Many species of birds, mammals and plants require this particular kind of habitat, and wetlands are also vital for flood control and water purification. The Bottoms are in the Arkansas River basin. Two creeks feed in, Deception Creek and Blood Creek, but they don't flow out.
"They actually dead end at the Bottoms," said Wolf. "The way I describe Cheyenne Bottoms to most people is you have this huge flat area and the water comes and it's like pouring a pitcher of water on a table. The water spreads out over the flat basin, creating a wetland."
Cheyenne Bottoms, managed by the KDWP, is used by at least 335 species of birds. That's how many have been documented. In addition to the expected ducks and geese, shorebirds "are a big category that people don't realize we have in Kansas," said Wolf. Other common birds include wading birds such as herons, egrets, ibises, cranes and avocets.

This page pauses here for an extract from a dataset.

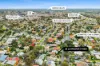 38 Carpenter Street, Quarry Hill, Vic 3550-Image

The avocet is also the center's logo bird.
But the area has some upland areas and therefore also has some upland birds -- pheasants, quail, a few prairie chickens, sparrows (a big group), meadowlarks and raptors (another "major group" that includes redtail hawks, northern harriers, peregrine falcons and prairie falcons). Many other animals also call the wetlands home: snakes and reptiles and mammals. "One that people don't realize we have is mink," said Wolf.
In the 10 months since Wolf took over as manager, the center has been constantly adding to the exhibits and has developed live animal displays, which includes snakes, turtles, mammals and fish. Other features are the educational programs and research. The staff includes four graduate students from Fort Hays State who help with center operations and conduct research as part of their graduate assistantships.
Thanks to a $500,000 grant from the Fred C. and Mary R. Koch Foundation, the center opened in April 2009 with the Koch Wetlands Exhibit of mounted specimens. The center has since added to those specimens and added a Nature Conservancy exhibit called "Pieces of the Puzzle," which focuses on the role of hunting in wetlands management.
"We are beyond being just an education center," he said. "We're also a visitors' center, and we're there to promote the whole area -- Great Bend, Claflin, Ellinwood, Hoisington. There's also an economic component to it."
Another ongoing project is developing the Wetlands and Wildlife National Scenic Byway. Established in 2005 by a group from Barton County and all the surrounding communities, the route is 77 miles that takes people from Cheyenne Bottoms down to Quivira National Wildlife Refuge, owned and managed by the U.S. Fish and Wildlife Service, which is the other major wetlands in the area. Quivira, he said, is actually a salt marsh. "They have salt flats instead of mud flats."
A nature trail, a half-mile loop that begins and ends at the center and which passes through three different ecosystems -- grassland, woodland and marsh -- has also been developed. Another addition is art -- a display of artwork prints from the Kansas Duck Stamp program.
Regular hours for the center are 8 a.m. to 5 p.m., Tuesday through Saturday, and 1 to 5 p.m. on Sundays. It is closed Mondays, New Years Day, Thanksgiving and Christmas, but can be reserved for after-hours use.